再会

NHKの玄関で懐かしい人とすれ違った。

シナリオライターのAさんだ。

彼女がまだデビューする前、某プロダクションで一緒に企画出しをした間柄だ。

もう、15年も前になる。

Aさんは優秀ですぐにプロになり、私はその活躍を影ながら応援してきた。

 

そんなAさんとすれ違ったのだ。

マスクをしていたが、私はすぐに分かった。

しかし、Aさんは分からなかったようだ。

私は、思わず引き返したが、声を掛けるかどうか迷った。

今や、押しも押されぬシナリオライターになったAさんに私のような一介のディレクターが声を掛けてよいのか。

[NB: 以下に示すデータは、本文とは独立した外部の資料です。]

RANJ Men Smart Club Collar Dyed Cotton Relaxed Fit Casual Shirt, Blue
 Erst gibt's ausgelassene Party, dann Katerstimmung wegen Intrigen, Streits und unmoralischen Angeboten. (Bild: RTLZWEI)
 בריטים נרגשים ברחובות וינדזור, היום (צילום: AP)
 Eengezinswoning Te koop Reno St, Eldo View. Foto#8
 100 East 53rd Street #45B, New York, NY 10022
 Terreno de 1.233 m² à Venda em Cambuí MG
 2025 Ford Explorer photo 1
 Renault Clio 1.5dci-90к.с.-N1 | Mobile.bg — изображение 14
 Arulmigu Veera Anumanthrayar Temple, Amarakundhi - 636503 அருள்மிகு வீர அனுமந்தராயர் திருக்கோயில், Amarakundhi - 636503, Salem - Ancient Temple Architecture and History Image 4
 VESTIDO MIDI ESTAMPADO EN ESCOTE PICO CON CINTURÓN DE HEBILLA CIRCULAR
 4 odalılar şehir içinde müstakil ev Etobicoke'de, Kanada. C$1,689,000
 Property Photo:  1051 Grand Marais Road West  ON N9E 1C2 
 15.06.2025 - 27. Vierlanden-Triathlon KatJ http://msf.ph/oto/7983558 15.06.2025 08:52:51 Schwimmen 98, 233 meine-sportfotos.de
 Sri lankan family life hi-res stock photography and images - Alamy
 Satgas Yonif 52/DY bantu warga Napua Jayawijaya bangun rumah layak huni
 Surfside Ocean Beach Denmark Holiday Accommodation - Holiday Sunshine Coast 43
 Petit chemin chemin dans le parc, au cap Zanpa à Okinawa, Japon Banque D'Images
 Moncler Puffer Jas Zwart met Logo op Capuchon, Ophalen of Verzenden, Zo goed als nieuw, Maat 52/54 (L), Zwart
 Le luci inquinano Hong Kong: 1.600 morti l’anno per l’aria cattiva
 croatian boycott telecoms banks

それでも、このチャンスを逃したら一生会うこともないかもしれない、

と思い、勇気を出して声を掛けた。

「Aさんですよね」

声を掛けた瞬間、表情は15年前のAさんに変わっていた。

丁寧で、いつも親切に声を掛けてくれた。

厳しいプロデューサーの要求に応えられず、悩んでいたときにも励ましてくれた。

まさに、戦友だった、あの頃のAさんだった。

 

彼女は涙を浮かべて「声を掛けてくれてありがとう」と言ってくれた。

 

少ししか話せなかったが励みになった。